Living in darkness is one reason for why women in refugee camps feel fear and are exposed to sexual gender-based violence (SGBV). Darkness makes women vulnerable to attacks, providing a cover for criminal acts, in the end making solar lamps an innovative technology that contributes to better refugee protection, according to the UNHCR.

By: Iben Bjørgulf Antonsen
Poor lighting is highlighted as one of the central reasons for incidents of GBV in refugee camps. This is presented by the UNHCR in a report on Innovative Technology for Better Refugee Protection (p. 5).  

It is hard to estimate exactly how many girls and women are exposed to SGBV, because many incidents go unreported. Especially SGBV is highly stigmatizing for which reason females keep full discretion. Yet WHO assessed in 2014 that as much as 36 per cent of the female population in Africa have been a victim of sexual violence committed by their partner (p. 17).
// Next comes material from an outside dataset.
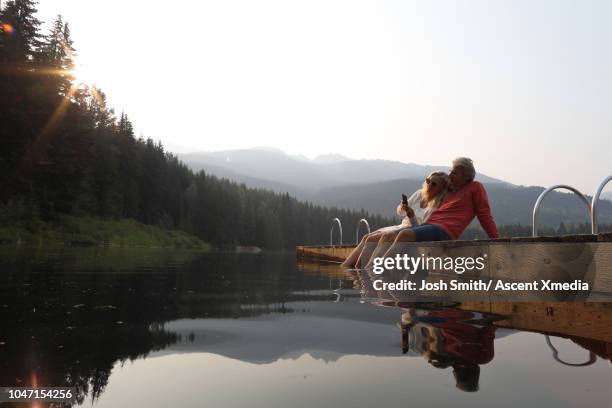 couple relax on wooden lake pier, at sunrise - travel memories stock pictures, royalty-free photos & images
About 12 per cent have experienced non-partner sexual violence (p. 19).

40 per cent of violence happens at night

The UNHCR estimates in a report from 2016, that roughly 40 per cent of cases of GBV in refugee camps in Kenya happen at night. A significant number of survivors being children, it is described that:

“Without the security and protection afforded by light, women and girls may not feel comfortable going out at night, even to latrines or washing areas. Darkness provides cover for crime and vandalism, and puts women and girls at risk of rape and sexual harassment” (p. 4).  

As cited here, one of the reasons for why the UNHCR categorized the BRIGHT SunBell solar lamp as a core relief item was its ability to establish security for girls and women through light. Connected to incidents of GBV, the UNHCR Innovation Service describe how “the exposure to darkness in refugee settlements has regularly and consistently been linked with an increase in protection risks through hidden protection threats.”  

Solar lamps creates safe spaces

With no light after sunset in a refugee camp, there is little incentive to leave the shelter, unless going to latrines. Going to latrines is described as commonly and consistently linked with serious cases of SGBV. Solar lights are therefore described as a way to “reduce the risk of sexual and gender-based violence” by the UNHCR (p. 6).

Light is simply not just light. When darkness conceals acts of violence, light reveals and protects. As a core relief item, the BRIGHT SunBell solar lamp has been distributed to more than 3 million displaced people worldwide. Besides prolonging hours of productivity after the sun sets, the solar lamp creates safe spaces and contribute to greater safety in general and for girls and women in particular.